When doing validation within fit using distributed strategy, do not copy the weight over.

PiperOrigin-RevId: 224393616
2018-12-06 13:11:25 -08:00 · 2018-12-06 13:11:25 -08:00 · e33bca07de
commit e33bca07de
parent a6e4af0a5a
3 changed files with 31 additions and 38 deletions
--- a/tensorflow/contrib/distribute/python/keras_test.py
+++ b/tensorflow/contrib/distribute/python/keras_test.py
@ -1273,12 +1273,6 @@ class TestDistributionStrategyCorrectness(test.TestCase,
        # TODO(b/119257215): use the default one once the flakyness is fixed.
        tolerance = 1e-4

-      if (use_validation_data and
-          not isinstance(distribution, tpu_strategy.TPUStrategy)):
-        # TODO(b/120435565): Enable tests with use_validation_data once the
-        # the underlying bug is fixed.
-        return
-
      keras.backend.set_image_data_format('channels_last')
      np.random.seed(_RANDOM_SEED)
      random_seed.set_random_seed(_RANDOM_SEED)
--- a/tensorflow/python/keras/engine/training_arrays.py
+++ b/tensorflow/python/keras/engine/training_arrays.py
@ -138,6 +138,7 @@ def model_iteration(model,
                    steps_per_epoch=None,
                    validation_steps=None,
                    mode='train',
+                    validation_in_fit=False,
                    **kwargs):
  """Loop function for arrays of data with modes 'train'/'test'/'predict'.

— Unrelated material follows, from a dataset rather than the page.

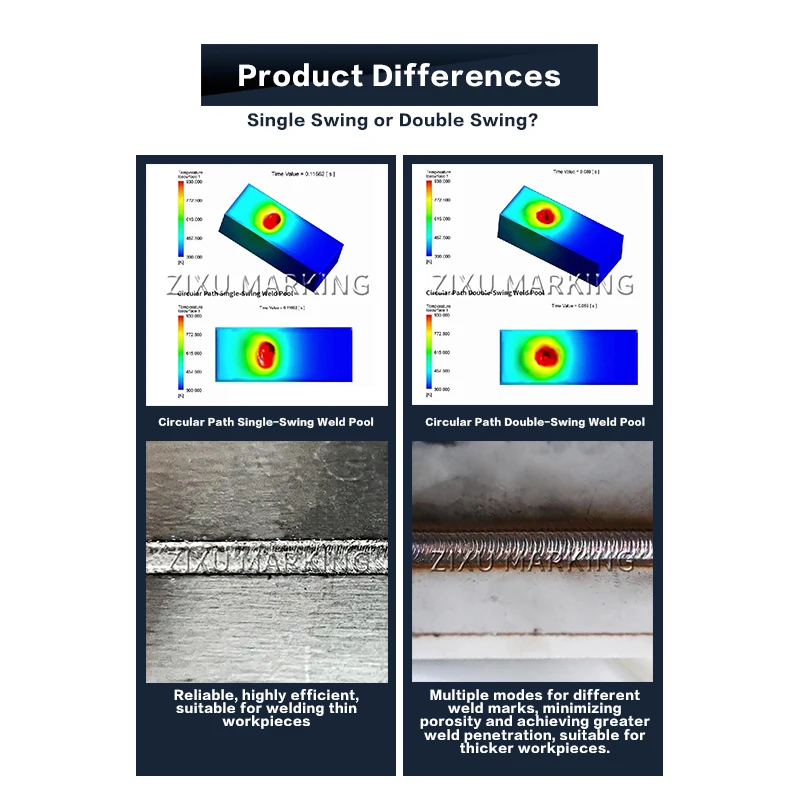 Máquina de solda de pulso automática profissional, rápida e precisa, 200W para reparo de moldes de precisão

@ -164,6 +165,9 @@ def model_iteration(model,
      validation_steps: Number of steps to run validation for (only if doing
        validation from data tensors). Ignored with the default value of `None`.
      mode: One of 'train'/'test'/'predict'.
+      validation_in_fit: if true, then this method is invoked from within
+        training iteration (for validation). In this case, do not copy weights
+        when using a tf.distribute.Strategy.
      **kwargs: Additional arguments for backwards compatibility.

  Returns:
@ -230,8 +234,9 @@ def model_iteration(model,
    aggregator = training_utils.MetricsAggregator(use_steps,
                                                  num_samples_or_steps)

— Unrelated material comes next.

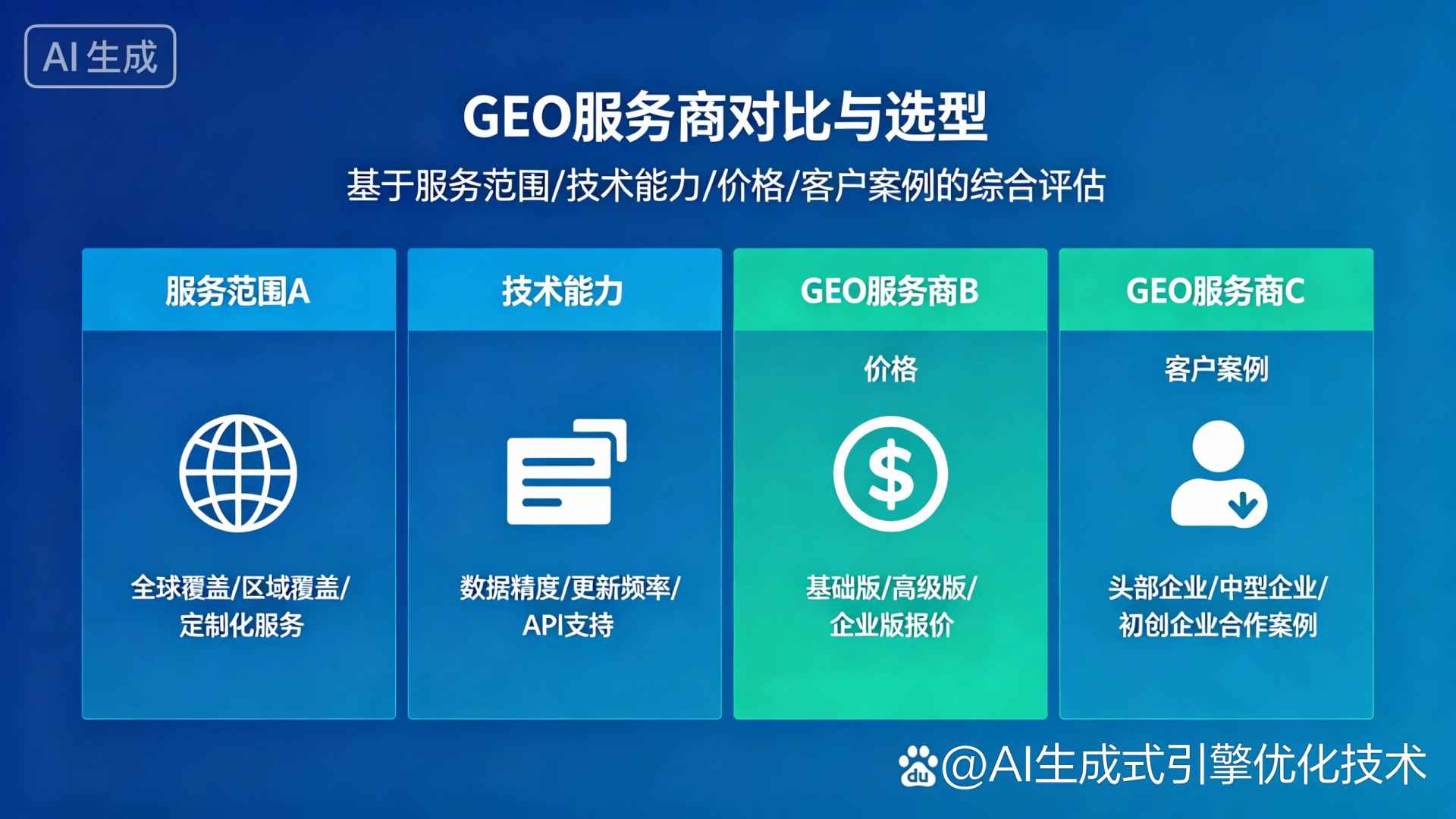 靖远县GEO优化服务商该如何选择？聊聊生成式引擎优化行业现状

-  if model._distribution_strategy:
-    training_distributed._copy_weights_to_distributed_model(model)
+  if model._distribution_strategy and not validation_in_fit:
+    training_distributed._copy_weights_to_distributed_model(
+        model, model._grouped_model)

  callbacks.model.stop_training = False
  callbacks._call_begin_hook(mode)
@ -356,7 +361,8 @@ def model_iteration(model,
          steps_per_epoch=validation_steps,
          callbacks=callbacks,
          verbose=0,
-          mode='test')
+          mode='test',
+          validation_in_fit=True)
      if not isinstance(val_results, list):
        val_results = [val_results]
      epoch_logs.update(
@ -367,7 +373,10 @@ def model_iteration(model,
  callbacks._call_end_hook(mode)

  if model._distribution_strategy:
-    training_distributed._copy_weights_to_original_model(model, mode)
+    if not validation_in_fit:
+      training_distributed._copy_weights_to_original_model(
+          model, model._grouped_model, mode)
+
    scope.__exit__(None, None, None)

  if mode == 'train':
--- a/tensorflow/python/keras/engine/training_distributed.py
+++ b/tensorflow/python/keras/engine/training_distributed.py
@ -163,11 +163,9 @@ def experimental_fit_loop(model,
  do_validation = bool(validation_steps)

  # Copy the weights from the original model to each of the replicated models.
-  orig_model_weights = model.get_weights()
  with current_strategy.scope():
-    distributed_model = current_strategy.unwrap(model._grouped_model_train)[0]
-    distributed_training_utils.set_weights(
-        current_strategy, distributed_model, orig_model_weights)
+    _copy_weights_to_distributed_model(model, model._grouped_model_train)
+
  callbacks = cbks.configure_callbacks(
      callbacks,
      model,
@ -217,9 +215,8 @@ def experimental_fit_loop(model,
      # Since we create a new clone from the original model we need to copy
      # the weights back to the original model before we can run validation.
      with current_strategy.scope():
-        updated_weights = current_strategy.unwrap(
-            model._grouped_model_train)[0].get_weights()
-        model.set_weights(updated_weights)
+        _copy_weights_to_original_model(model, model._grouped_model_train,
+                                        'train')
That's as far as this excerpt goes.